Image d'illustration. Economie franceADN
Vous en avez assez des évaluations des agences de notation ? Découvrez pourquoi, pour une fois, la France pourrait bien se soucier comme d'une guigne de la note de Fitch !
Tl;dr
- L’agence de notation Fitch rendra sa note pour la France.
- Les agences de notation prennent en compte le contexte guerrier actuel.
- Les notes n’ont jamais empêché la France de dépasser les limites de déficit.
La France attend la note de Fitch dans l’indifférence
Dans une indifférence quasi totale, la France attend ce vendredi l’annonce de sa note par l’agence de notation Fitch. Autrefois, cette évaluation économique était l’objet de craintes et d’inquiétudes au sein du ministère de l’Économie. Aujourd’hui, même une baisse de la note serait accueillie avec désintérêt.
Un contexte guerrier qui change la donne
Les temps ont changé. Les agences de notation, dont Fitch, doivent prendre en compte un « contexte guerrier », selon Anne-Sophie Alsif, cheffe économique du Bureau d’informations et de prévisions économiques (BIPE). Ces agences ont tout intérêt à se montrer clémentes dans ce climat de tensions, explique Stéphanie Villers, conseillère économique PwC. Les marchés financiers seraient d’ailleurs très accueillants envers les nouvelles dépenses budgétaires liées à ce contexte.
L’ancienneté de la note en question
La note qui sera dévoilée vendredi est le fruit d’un travail de plusieurs mois. Elle a donc été préparée avant les derniers événements, ce qui pourrait la rendre anachronique. Cependant, selon Alsif, l’évaluation globale compte plus que la note même.
Des changements majeurs à anticiper
Le réarmement de l’Europe oblige à revoir une philosophie économique autrefois indiscutable. Le déficit de 3% à ne pas dépasser, une règle en vigueur depuis le traité de Maastricht en 1992, a même obtenu une exception pour les dépenses militaires supplémentaires. De plus, l’Allemagne, fer de lance de la rigueur budgétaire, envisage un plan national d’investissement de 500 milliards d’euros pour moderniser son armée.

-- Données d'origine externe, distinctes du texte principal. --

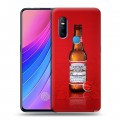 Дизайнерский силиконовый чехол для Vivo V15 Budweiser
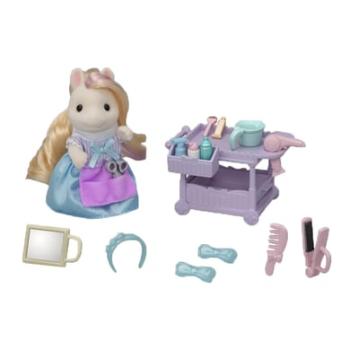 Sylvanian Families ® Kadeřník poníků hrací sada s figurkou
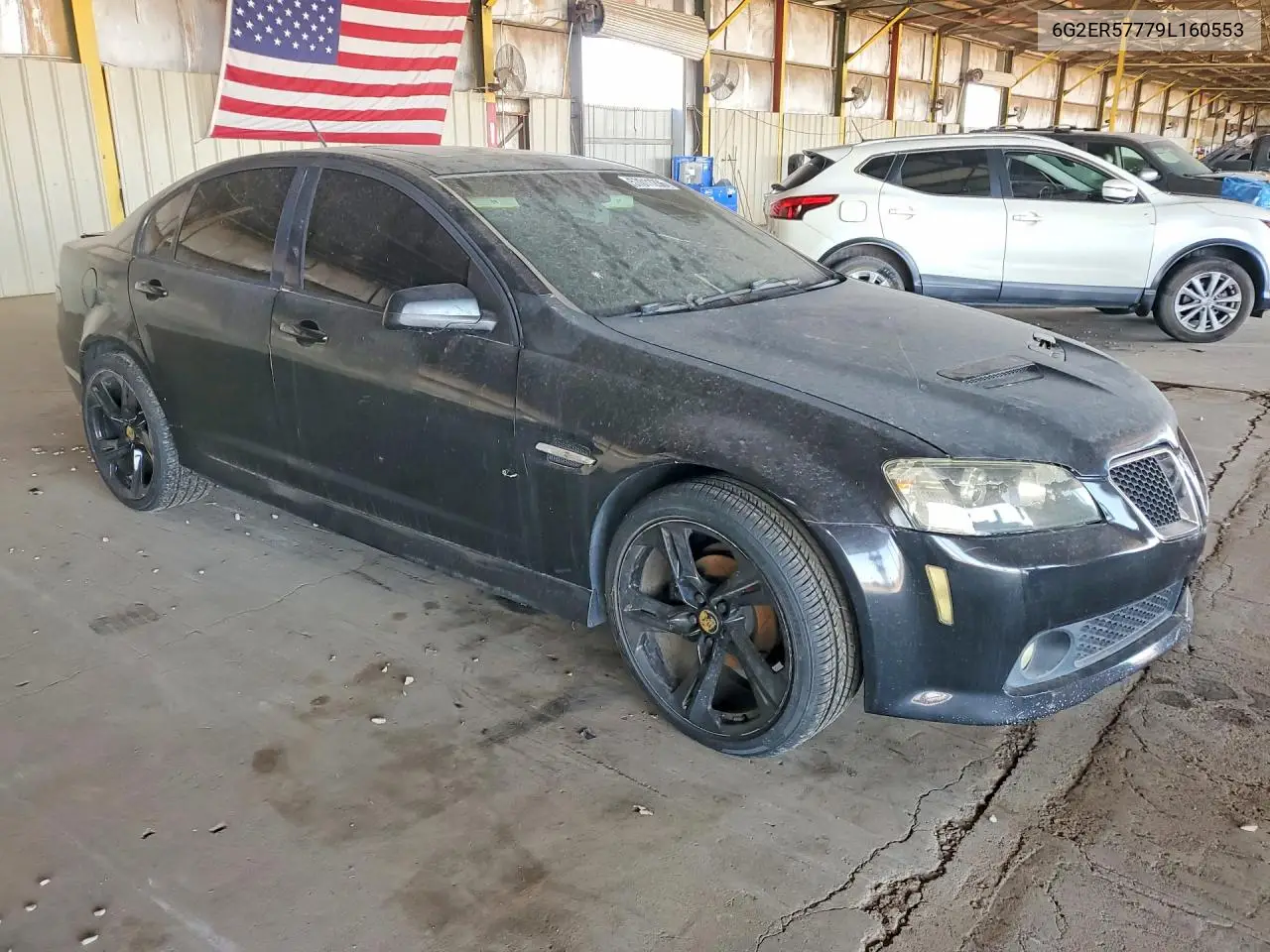 2009 Pontiac G8 VIN: 6G2ER57779L160553 Lot: 57011206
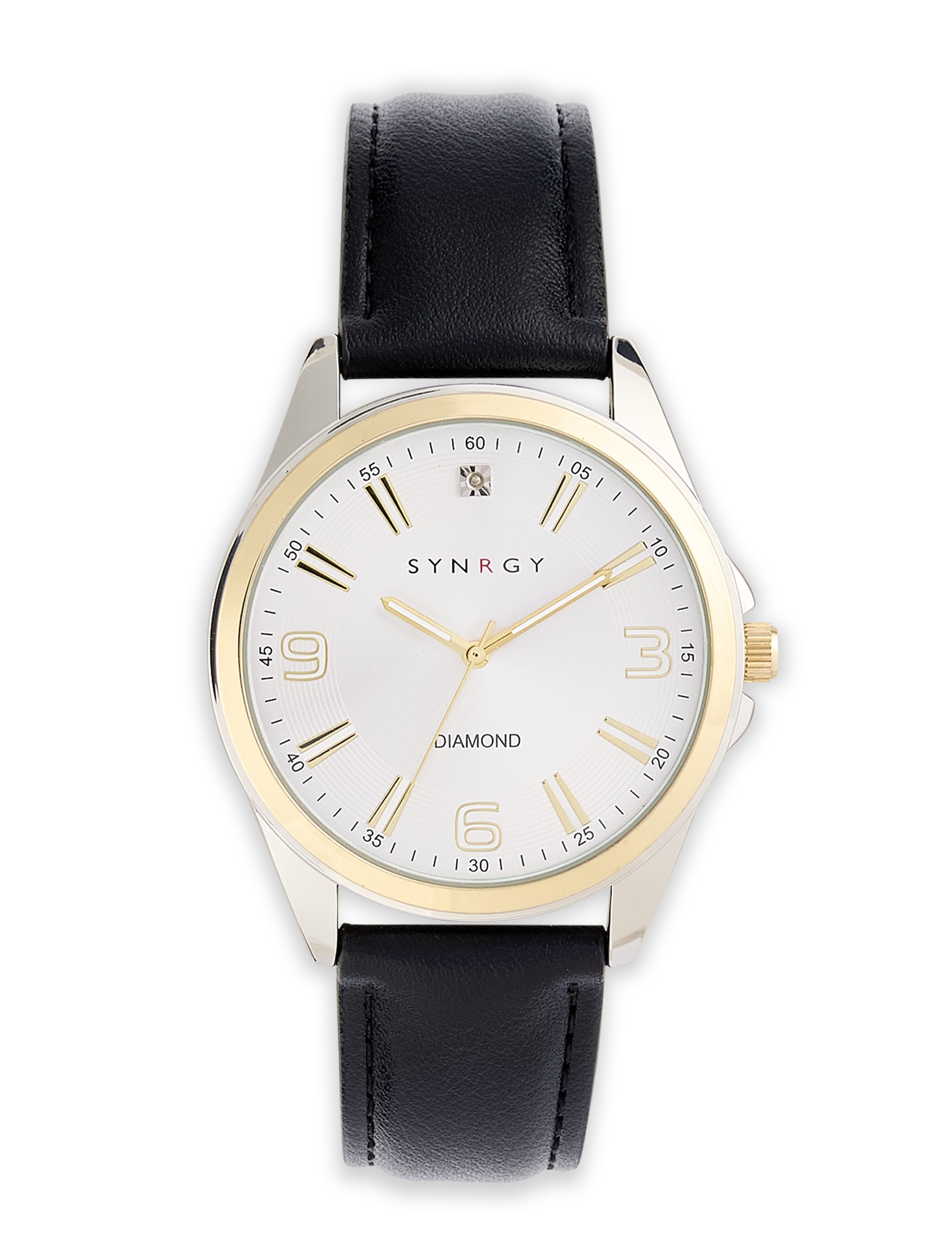 Two-Tone Watch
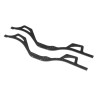 Chassis Rail Set Alum: 1/10 SCX10 PRO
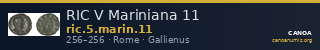 RIC V Mariniana 11 — CANOA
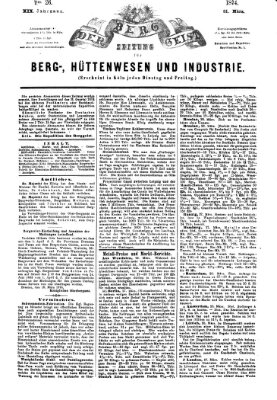 Der Berggeist Dienstag 31. März 1874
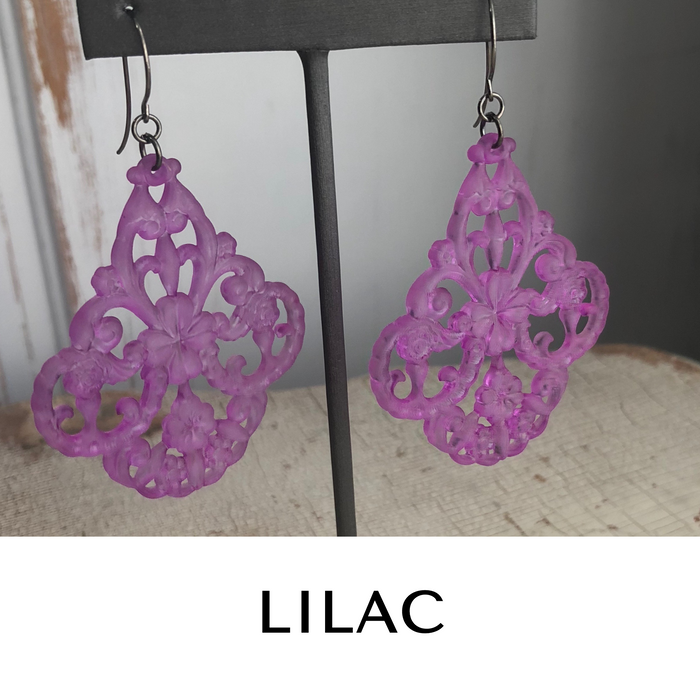 Filigree Chandelier Earrings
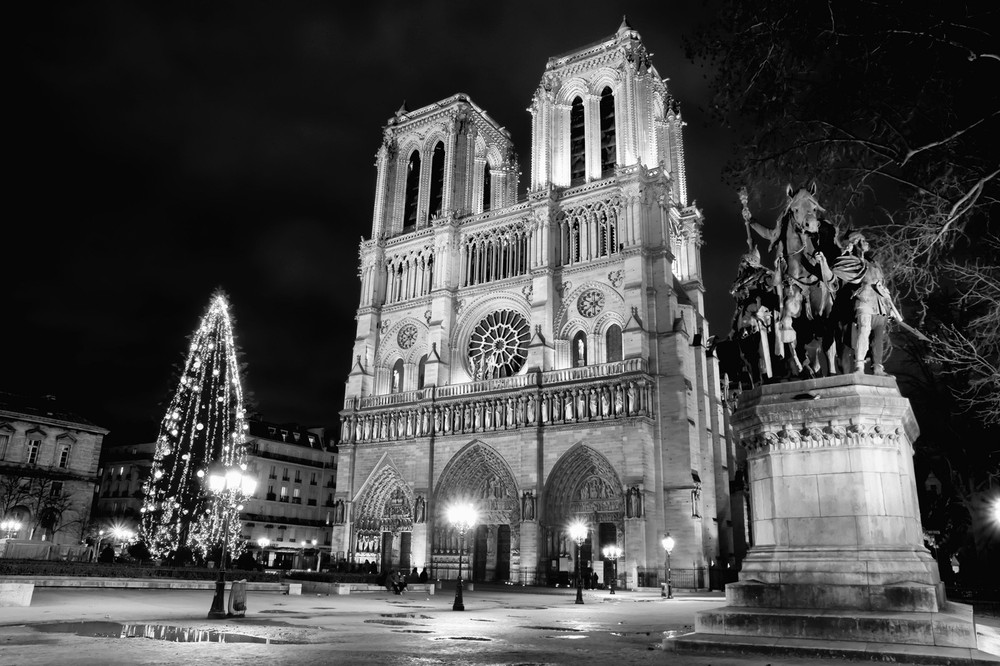 Fine Art Photography – 4×6, 8×12, or 13×19 – Paris, France Notre Dame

La Commission européenne, quant à elle, a présenté un plan de relance de l’industrie communautaire de la défense de près de 800 milliards d’euros. Ces changements majeurs sont « bien plus à même de toucher la France que l’agence de notation », selon Christophe Blot, économiste à l’OFCE et spécialiste des crises financières.
La France semble plus préoccupée par les déclarations de Donald Trump, Vladimir Poutine et autres Elon Musk que par sa note économique. Fitch, sans rancune.